There's such a thing as "too clean."
When she's born, baby will be covered in vernix, a greasy, cheese-like substance that protects a baby’s skin in utero from amniotic fluid. Many nurses will want to wash it off right away, but according to some research the first bath should wait-- vernix acts as an antioxidant, skin cleanser, moisturizer, temperature regulator, and a natural, safe antimicrobial for the new baby post delivery.
When baby does need a bath, two to three a week should be plenty. Too many baths can remove important oils that protect against infections and cause baby's skin too get dry and flaky. Plain old water is usually good enough; some parents like to use coconut oil to clean and moisturize.
Use gentle chemical-free products made for baby.
Because baby's skin is so thin, it is sensitive and vulnerable to anything you put on it. Gimme the Good Stuff has a great list of safe moisturizers and diaper creams, as well as the "bad stuff" that should be avoided. Moisturizing is important, especially after baths.
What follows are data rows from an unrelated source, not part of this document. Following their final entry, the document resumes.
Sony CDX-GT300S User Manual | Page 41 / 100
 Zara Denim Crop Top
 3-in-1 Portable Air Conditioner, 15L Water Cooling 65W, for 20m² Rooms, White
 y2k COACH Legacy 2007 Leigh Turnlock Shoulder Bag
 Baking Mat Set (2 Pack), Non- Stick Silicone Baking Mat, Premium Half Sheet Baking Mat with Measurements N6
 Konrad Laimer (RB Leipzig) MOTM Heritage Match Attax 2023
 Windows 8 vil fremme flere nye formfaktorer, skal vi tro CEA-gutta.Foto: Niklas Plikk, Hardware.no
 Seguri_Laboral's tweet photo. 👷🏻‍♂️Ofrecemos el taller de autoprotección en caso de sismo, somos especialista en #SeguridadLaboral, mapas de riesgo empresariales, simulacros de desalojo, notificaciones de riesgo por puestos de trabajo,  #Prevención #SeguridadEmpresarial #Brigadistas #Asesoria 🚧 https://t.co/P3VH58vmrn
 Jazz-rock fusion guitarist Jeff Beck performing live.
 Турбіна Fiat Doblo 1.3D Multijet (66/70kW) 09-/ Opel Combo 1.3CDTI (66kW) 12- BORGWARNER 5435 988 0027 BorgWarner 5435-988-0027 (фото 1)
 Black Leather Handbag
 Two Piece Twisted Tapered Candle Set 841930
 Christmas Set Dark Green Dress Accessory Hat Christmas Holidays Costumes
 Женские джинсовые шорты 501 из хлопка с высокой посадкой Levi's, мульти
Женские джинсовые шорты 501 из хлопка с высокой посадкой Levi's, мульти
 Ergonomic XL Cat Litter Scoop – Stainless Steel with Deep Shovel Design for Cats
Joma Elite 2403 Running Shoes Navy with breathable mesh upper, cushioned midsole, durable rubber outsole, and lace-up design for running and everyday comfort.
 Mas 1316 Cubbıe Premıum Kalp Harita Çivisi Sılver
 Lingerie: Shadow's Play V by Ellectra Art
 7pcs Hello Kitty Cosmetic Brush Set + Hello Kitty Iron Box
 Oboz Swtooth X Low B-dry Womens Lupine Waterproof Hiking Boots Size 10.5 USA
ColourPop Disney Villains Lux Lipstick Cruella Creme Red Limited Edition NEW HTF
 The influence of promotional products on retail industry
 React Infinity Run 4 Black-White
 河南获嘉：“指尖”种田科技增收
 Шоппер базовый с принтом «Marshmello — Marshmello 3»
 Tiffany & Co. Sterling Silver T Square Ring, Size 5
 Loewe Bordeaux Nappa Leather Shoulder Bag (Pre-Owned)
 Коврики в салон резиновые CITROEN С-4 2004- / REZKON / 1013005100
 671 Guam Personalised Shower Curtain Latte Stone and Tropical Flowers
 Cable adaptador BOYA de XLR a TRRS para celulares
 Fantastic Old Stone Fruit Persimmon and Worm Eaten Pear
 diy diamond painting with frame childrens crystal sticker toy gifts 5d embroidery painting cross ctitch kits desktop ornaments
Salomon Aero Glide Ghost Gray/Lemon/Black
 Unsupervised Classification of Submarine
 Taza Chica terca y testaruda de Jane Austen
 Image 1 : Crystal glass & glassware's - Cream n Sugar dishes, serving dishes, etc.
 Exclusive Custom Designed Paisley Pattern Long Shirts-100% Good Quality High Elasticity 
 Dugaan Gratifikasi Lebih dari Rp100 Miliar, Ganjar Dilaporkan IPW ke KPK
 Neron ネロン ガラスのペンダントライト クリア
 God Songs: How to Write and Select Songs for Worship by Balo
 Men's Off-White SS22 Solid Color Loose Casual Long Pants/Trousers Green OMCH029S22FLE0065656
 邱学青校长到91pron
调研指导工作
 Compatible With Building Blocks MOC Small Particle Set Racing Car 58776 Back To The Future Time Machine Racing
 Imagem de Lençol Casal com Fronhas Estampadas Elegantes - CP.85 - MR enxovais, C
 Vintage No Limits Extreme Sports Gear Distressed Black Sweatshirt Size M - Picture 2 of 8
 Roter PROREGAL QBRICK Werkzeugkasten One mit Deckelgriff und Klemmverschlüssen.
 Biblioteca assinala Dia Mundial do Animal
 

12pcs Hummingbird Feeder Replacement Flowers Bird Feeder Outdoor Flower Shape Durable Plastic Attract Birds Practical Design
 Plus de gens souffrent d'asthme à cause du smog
Putting a humidifier in baby's room is also an easy way to help keep her skin from drying out.
Wellness Mama also has some wonderful natural baby care recipes for homemade baby oil, baby powder, wipes, and more.
Don't forget to clean between the rolls!
Some of the many cute things about a new baby are her little wrinkles and rolls. Don't forget to show them some love at bath time!
Enjoy the sunshine in moderation.
Feel free to enjoy some fresh air and sunshine with your cutie, just be sure to protect her against direct sun and too much sun exposure. Most sources say that you shouldn't put sunscreen on a baby under six months, but protective clothing and staying in the shade should do the trick. Choose a cute little outfit of long sleeves and pants, socks and a hat, in lightweight fabrics so baby doesn't get too hot.
Baby skin is super thin, so always have an extra layer handy.
Until baby is about a year old, her skin is super thin and vulnerable to temperature changes-- especially the cold. Be sure to keep her chubby little arms and legs warm, and pack an extra layer just in case.